Un melómano empedernido
Villalobos, que ahora es requerido en muchos teatros del mundo, creció y se formó en el Maestranza. Conoce bien el repertorio operístico y lo ha cultivado a conciencia. No ocultaremos sin embargo que el primer acto nos resultó cómico, debido seguramente a la acumulación de ocurrencias, como introducir unos monaguillos que recordaban al Decamerón, o presentar a la diva cargada de compras de marca, hasta derivar en un originalísimo Te Deum sin coro ni figurantes en escena, solo con Scarpia soñando su maquiavélico plan y las voces del coro invadiendo el teatro de manera sobrecogedora desde lo más alto de éste. Un efecto realmente sorprendente y espectacular. Ellos y ellas triunfaron con una fuerza apabullante y celestial no sólo en ese culminante momento sino también en los otros pasajes que demandan su intervención, aunque también fuera de escena. Todo el segundo acto estuvo acompañado por jóvenes bailarines desnudos que emulaban, las pinturas de Santiago Ydáñez también, la tremenda película de Pasolini Saló o los 120 días de Sodoma.

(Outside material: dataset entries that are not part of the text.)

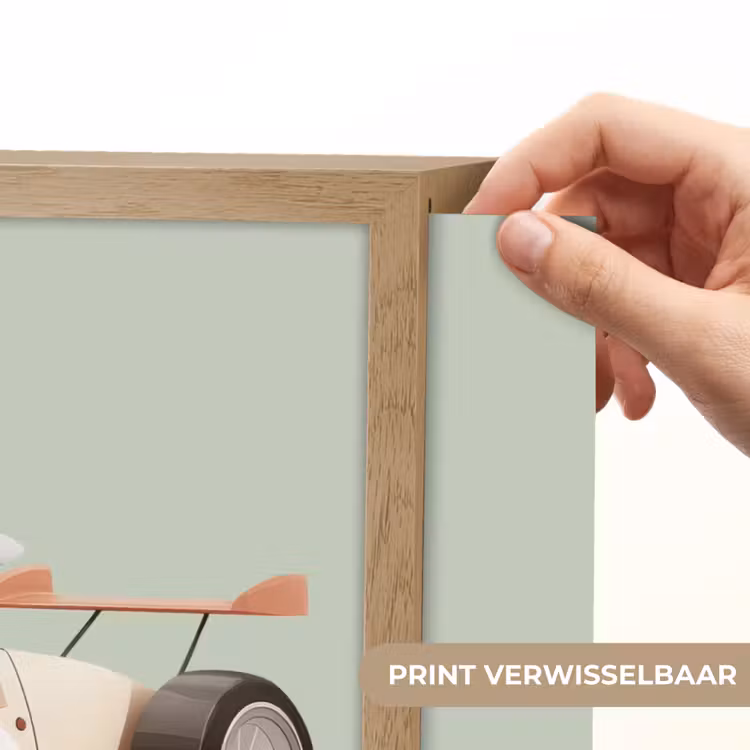 Beige - Raceauto - Groen Light Box met batterij (Wandlamp kind) middel -USP_websiteprintNL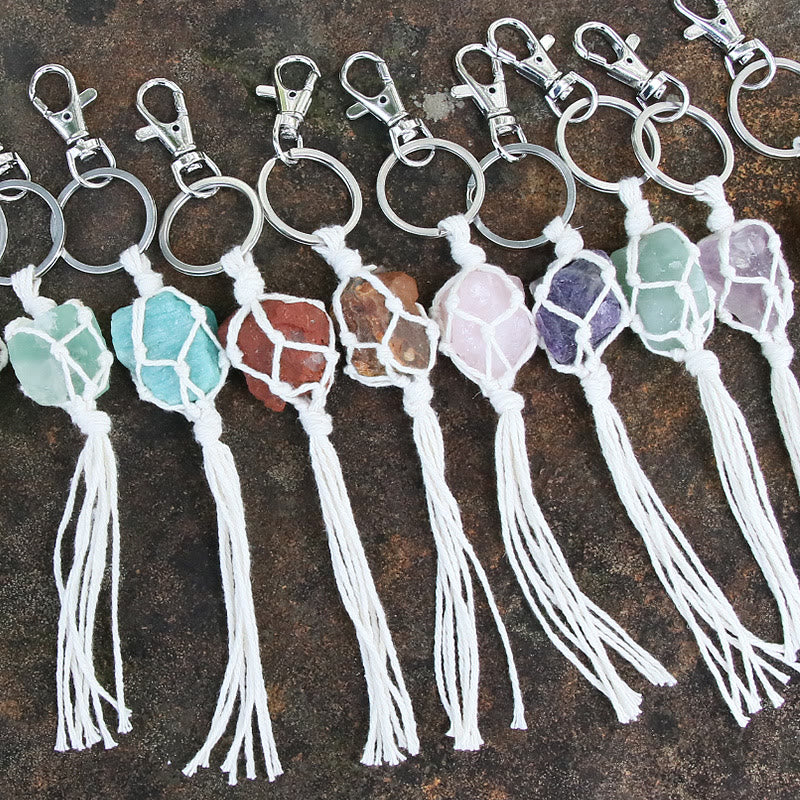 Olivenorma Raw Gemstone Tassel Car Hanging Ornament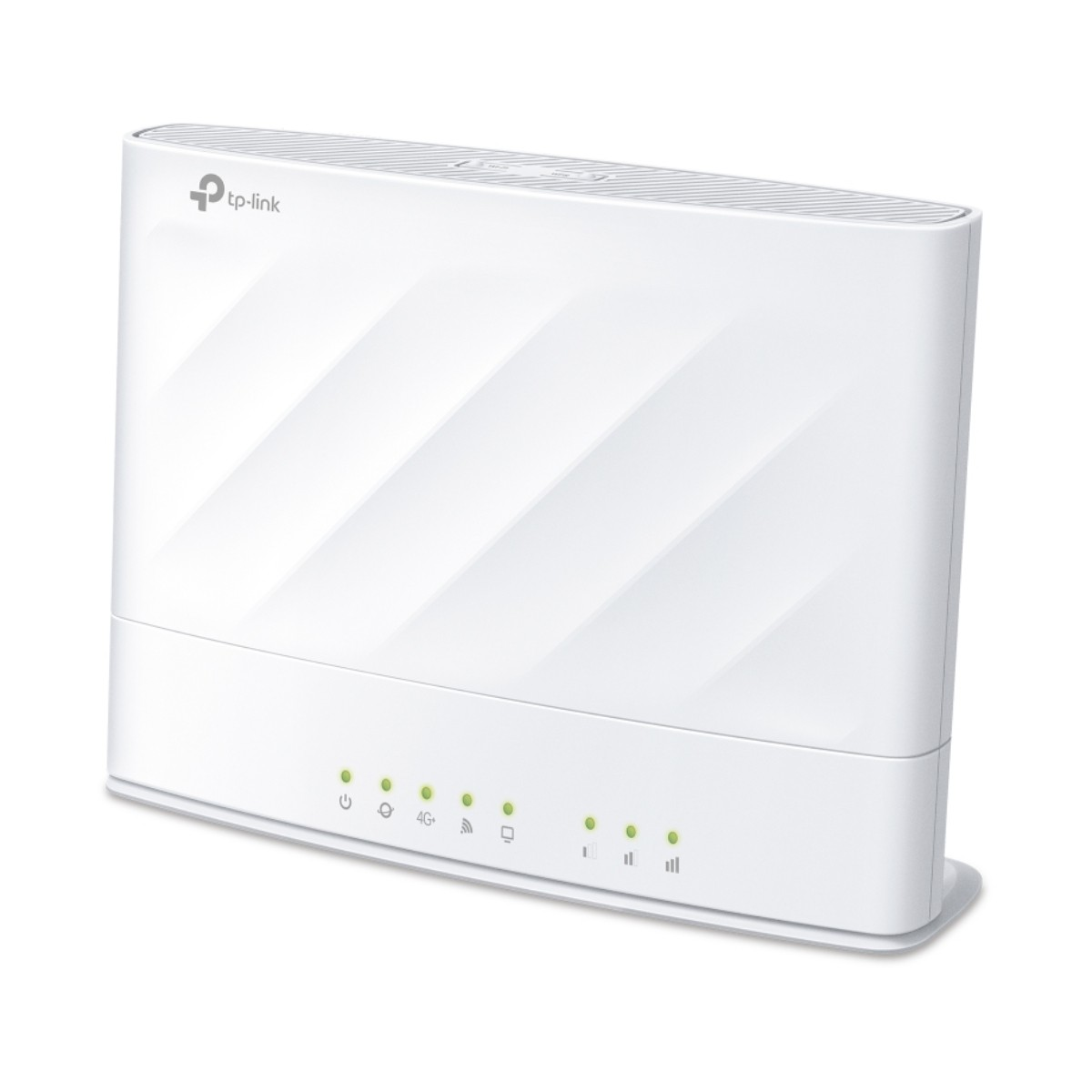 Un router TP-Link bianco con linee diagonali e spie luminose.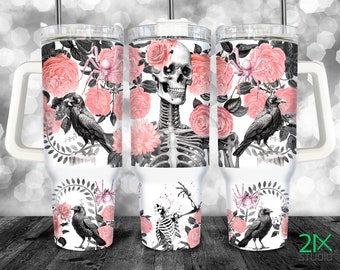 40 oz tumbler png Pink Skulls Gothic 40oz Quencher Tumbler with Handle Halloween Sublimation Digital File PNG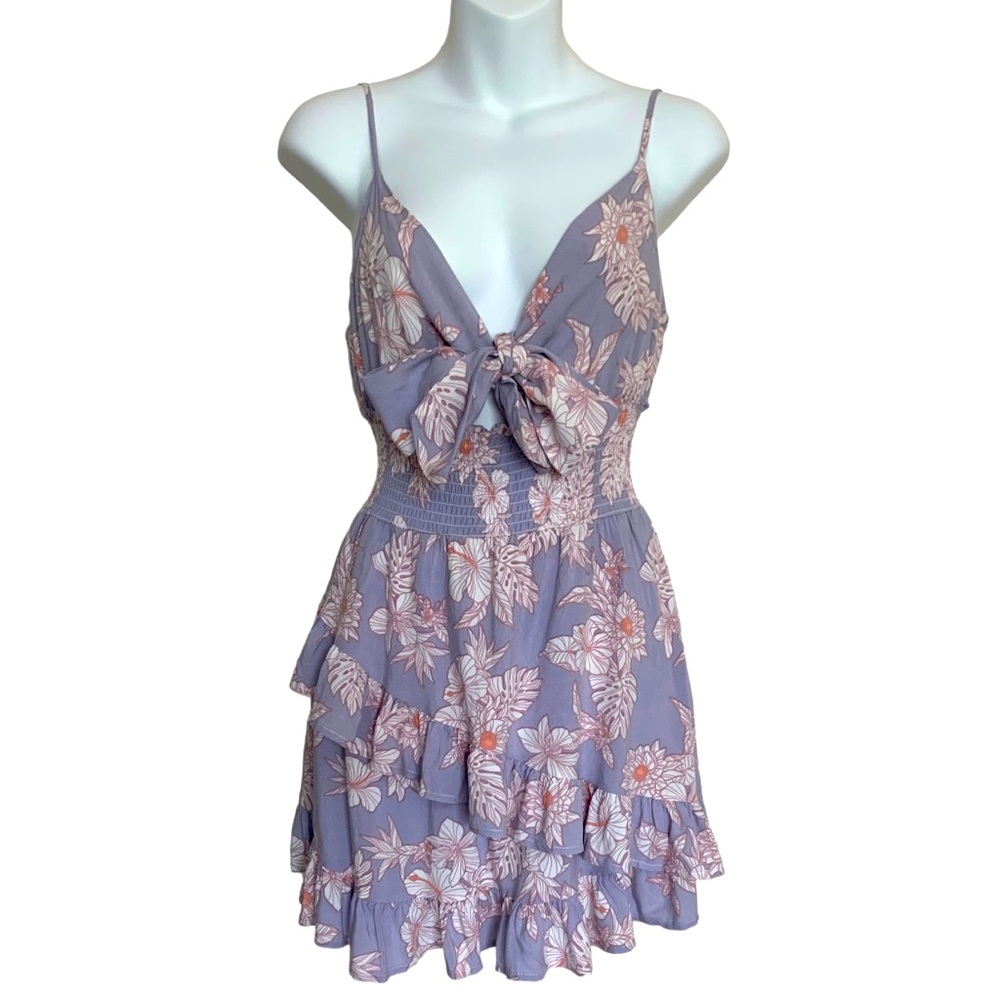 Ocean Drive Tie-Front Smocked Waist Floral Dress Size Large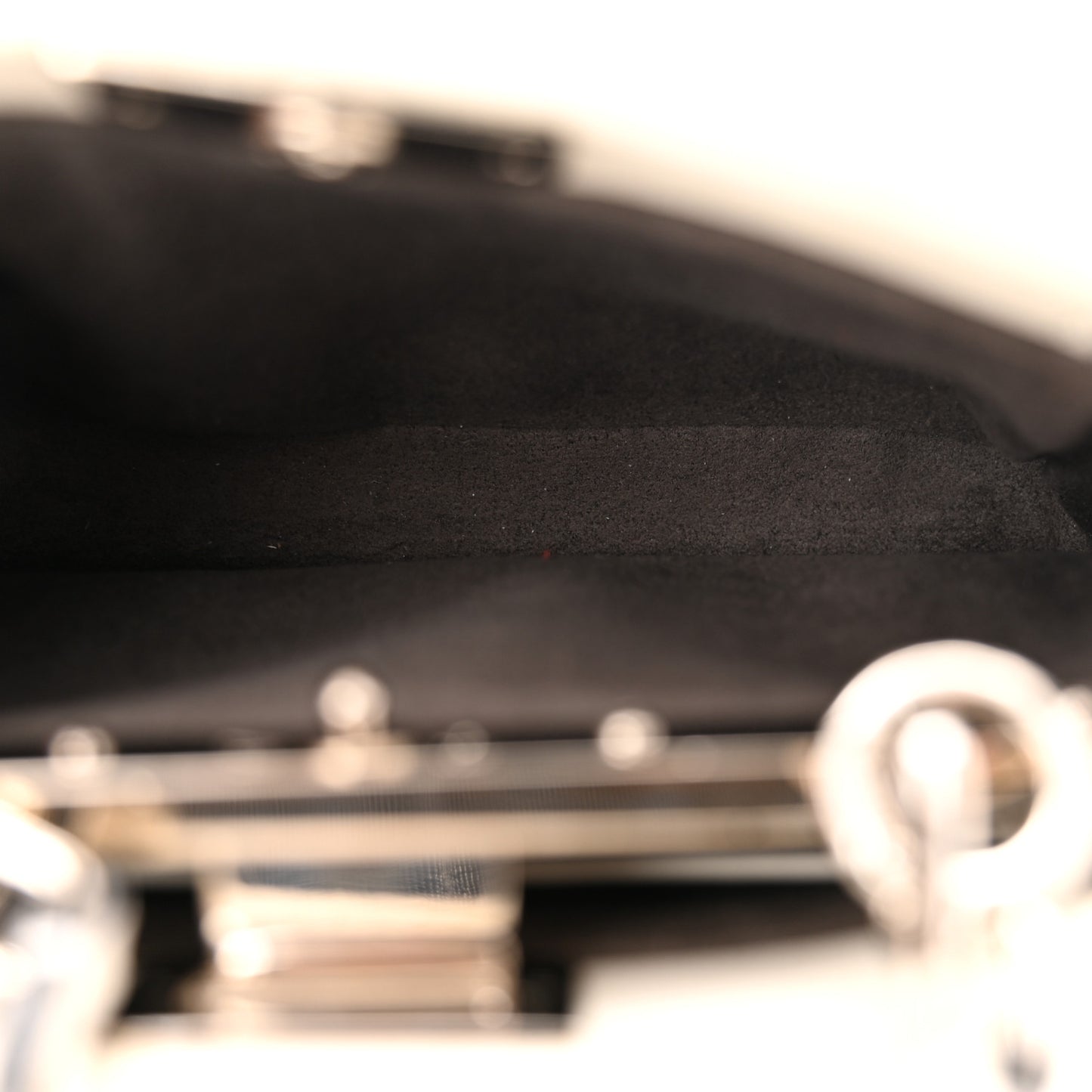 Shiny Nappa Micro Peekaboo Iconic Satchel White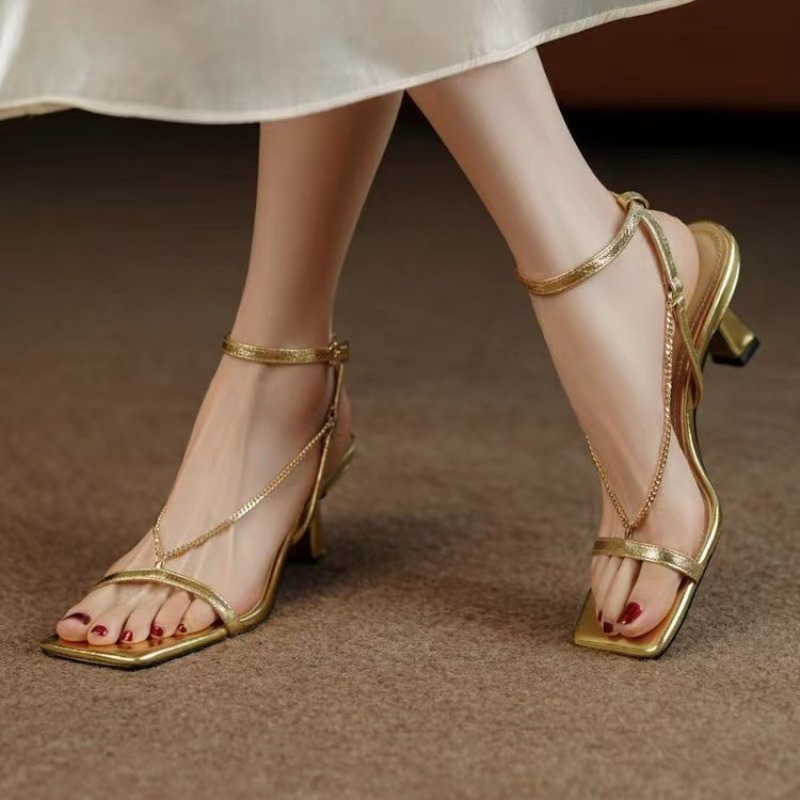 Women Chain Sandals High Heels - Women'S Formal Wear To A Wedding reseña y precio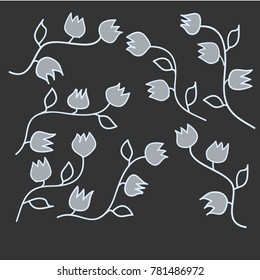 Many Grey Flowers with Leaves and Stems on Dark Grey Background
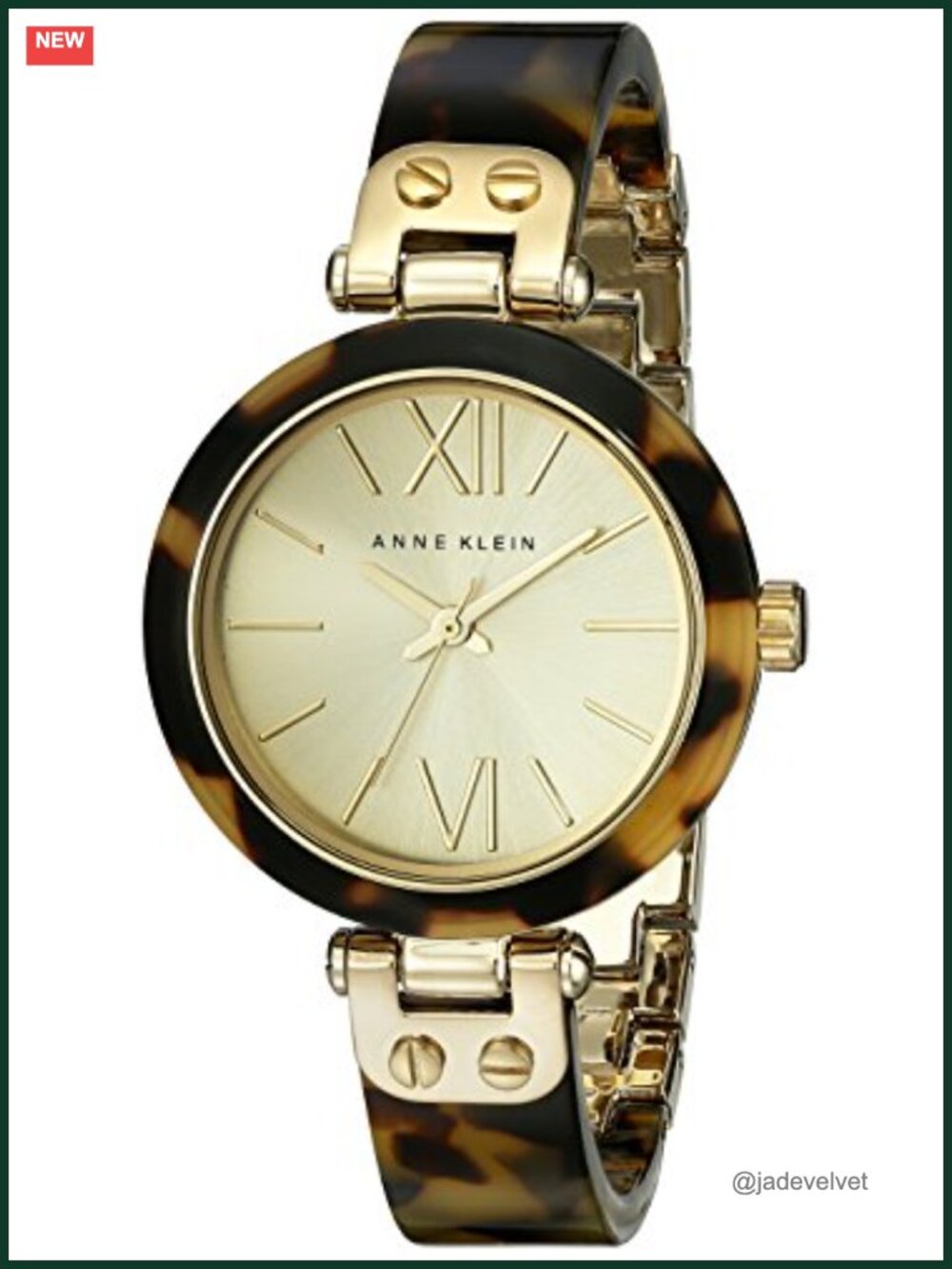 Anne Klein Women's Resin Bangle Watch Gold Tone Analog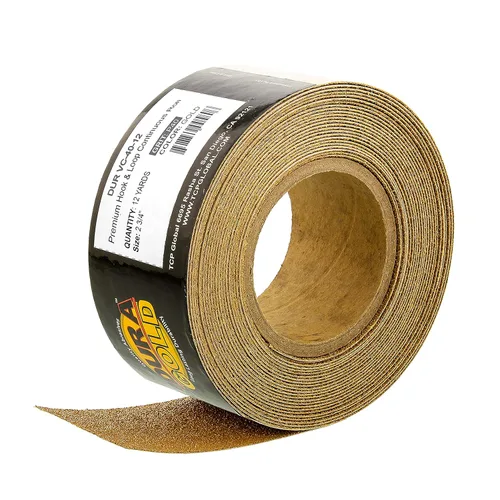 Dura-Gold Premium – Oro de 40 Grano – Rollo de papel de lija continuo de Longboard con respaldo de gancho y bucle, 2-3/4 pulgadas de ancho, 12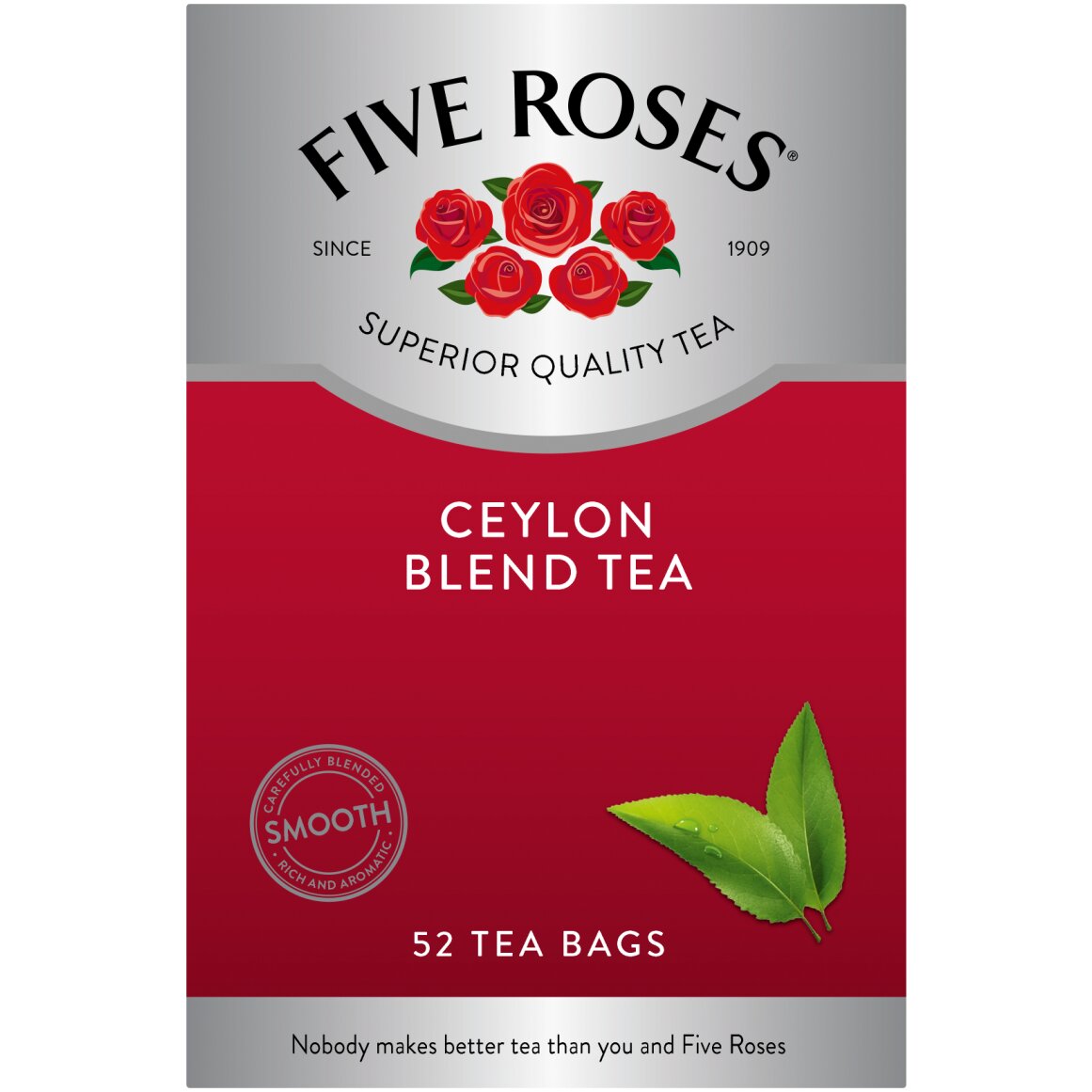 Five Roses Smooth Ceylon Tagless Tea Bags 52 pk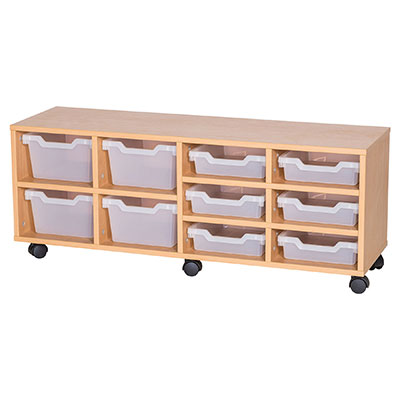 Cubby 4 Deep & 6 Shallow Tray Mobile Storage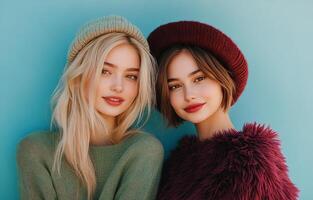 Two young women in stylish hats pose in front of a blue wall on a sunny day photo
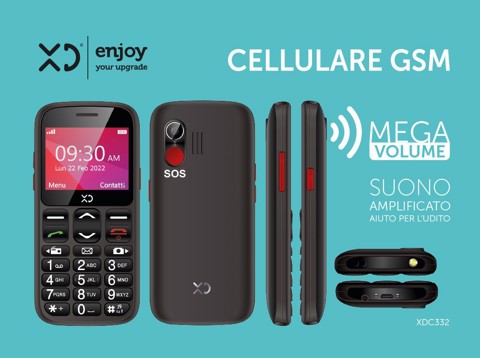 XD Enjoy XDC332 cellulare 5,87 cm (2.31") Nero Telefono per anziani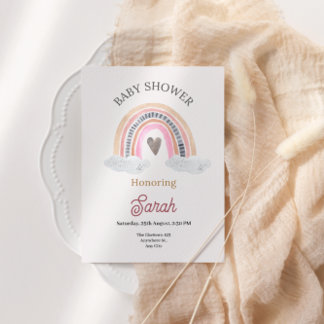 Invitation Arc-en-ciel rose avec nuages pour bébéDouche pour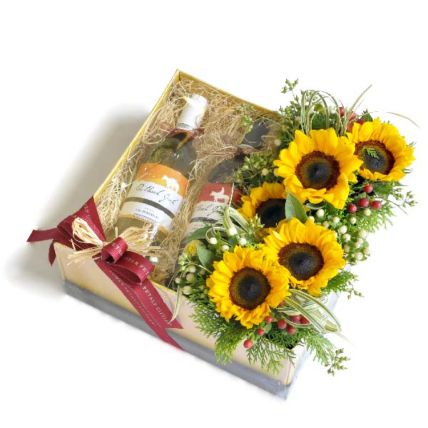 Merry Christmas Wine And Sunflowers Gift Box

Echando la vista atrás, comprobamos que en 2007 hubo ocho representaciones de este emblemático título en la versión no menos icónica de Luca Ronconi, reducidas a seis en 2015 cuando la abordaron Pedro Halffter y Paco Azorín con resultados francamente extraordinarios y un solo personaje doblando reparto, Scarpia. Desalienta ver cómo en todos estos años ha ido disminuyendo la afición, del mismo modo que ilusiona comprobar que el Maestranza apueste y financie producciones como ésta, atrevida y valiente, que permite a su autor verter ideas políticas y estéticas muy comprometidas.